Birkmaier was among 40 people, many of them ranchers, who testified at a state Fish and Wildlife Commission hearing on the draft rule.
Responding to changes in federal policy that are expected to cause wolves to migrate to Oregon from Idaho, the commission has drawn up a plan that would allow ranchers to ill wolves that attack their livestock.
Ranchers, however, said the plan is overly restrictive because it requires that ranchers actually observe a wolf attacking livestock before it could be killed.

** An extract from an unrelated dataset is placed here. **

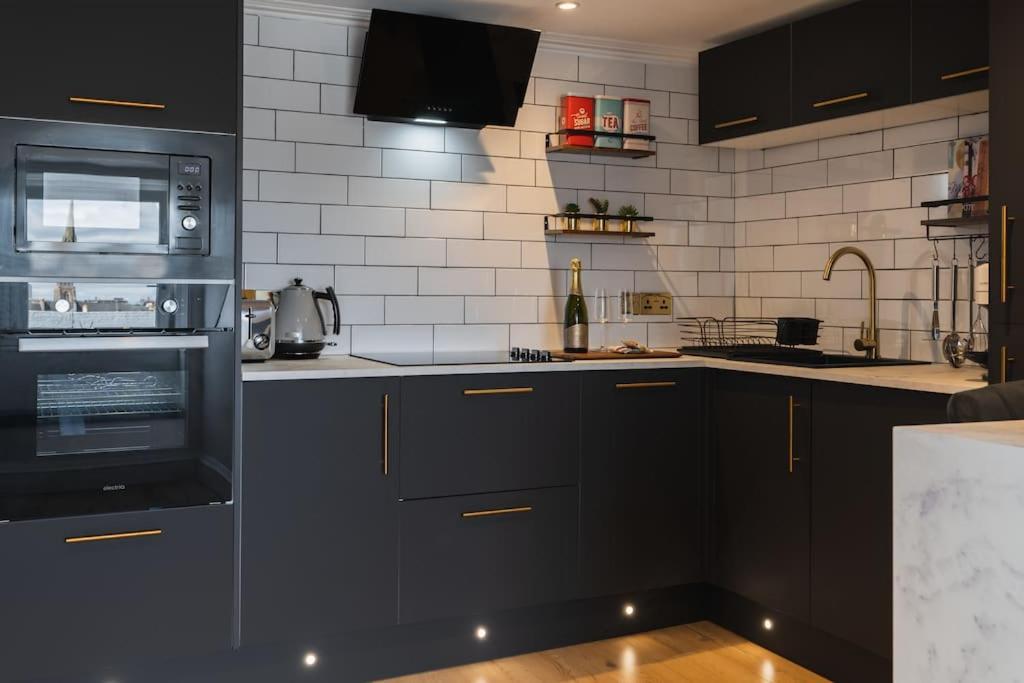 Апартаменты The West End Loft - 5* Retreat - Private Parking! Глазго Экстерьер фото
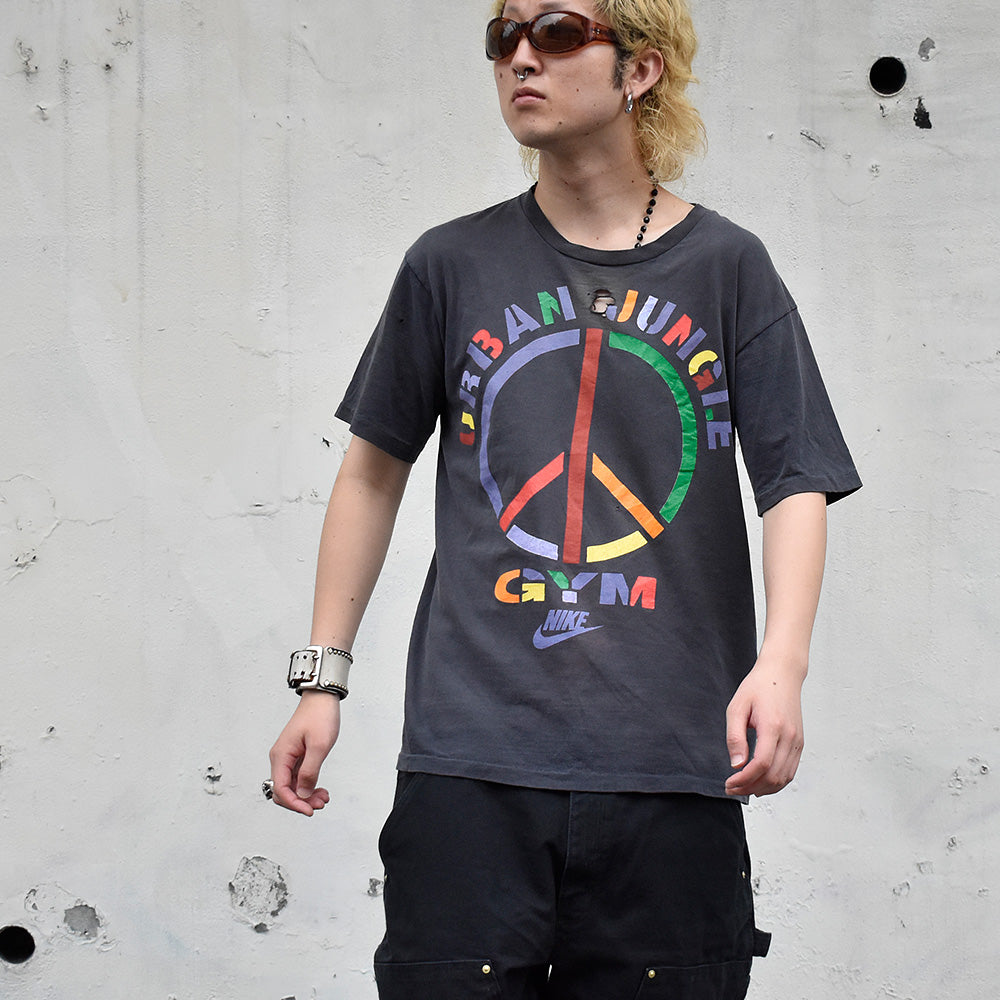 90's NIKE “URBAN JUNGLE GYM“ Tシャツ USA製 240717H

La Grande-area rancher Bob Beck said it is unrealistic to require that wolves have to be attacking my stock right before my eyes before I can kill them."
"Clearly, your plan seeks to control my behavior in the face of an invasion of large predators into my grazing lands," he said. "I hope you will see that this plan does not give me tools or options to deal with wolves that you insist are coming."
The draft rule drew praise from an Oregon Natural Resources Council spokesman, who said it would amount to a long overdue "welcome home" for wolves.
"Forty years ago we made a terrible mistake when we allowed the last wolf in Oregon to be shot to death under a misguided campaign of extermination," Jeremy Hall said. "Today we have an historic opportunity to correct this by welcoming wolves home to Oregon."
The federal government downgraded wolf species protection after successfully establishing new wolf packs in Yellowstone National Park and Idaho.
State wildlife officials say there are reports of sightings but no confirmed wolves in Oregon yet.
Friday's hearing was the first of three scheduled by the fish and wildlife panel before Feb. 11, when it is to make a final decision on the plan. The state would adopt a federal policy allowing ranchers to shoot wolves they see attacking livestock on private land and to get permits to do so on public lands.
The change also would require action by the 2005 Legislature to revise the state's endangered species law to allow ranchers to shoot wolves in limited circumstances.
Elsewhere in the West, the federal government is requiring Idaho, Montana and Wyoming to each submit acceptable plans for managing wolves before removing the animals from Endangered Species Act protection.
Plans from Idaho and Montana have been accepted. But the U.S Fish and Wildlife Service is protesting Wyoming's plan to classify wolves as trophy game animals with strict protections in northwest Wyoming and as predators in the rest of the state--where they could be shot more or less on sight. In Alaska, meantime, state officials have begun issuing permits for aerial hunters to kill wolves in parts of Alaska in an effort to boost moose and caribou populations.
Officials want to cull about 500 wolves in various parts of the state to control their numbers this winter. Alaska's wolf population is estimated at 8,000 to 11,000 and hunters and trappers kill an average of 1500 a year, officials said. The aerial hunting program is being protested by wildlife advocacy groups.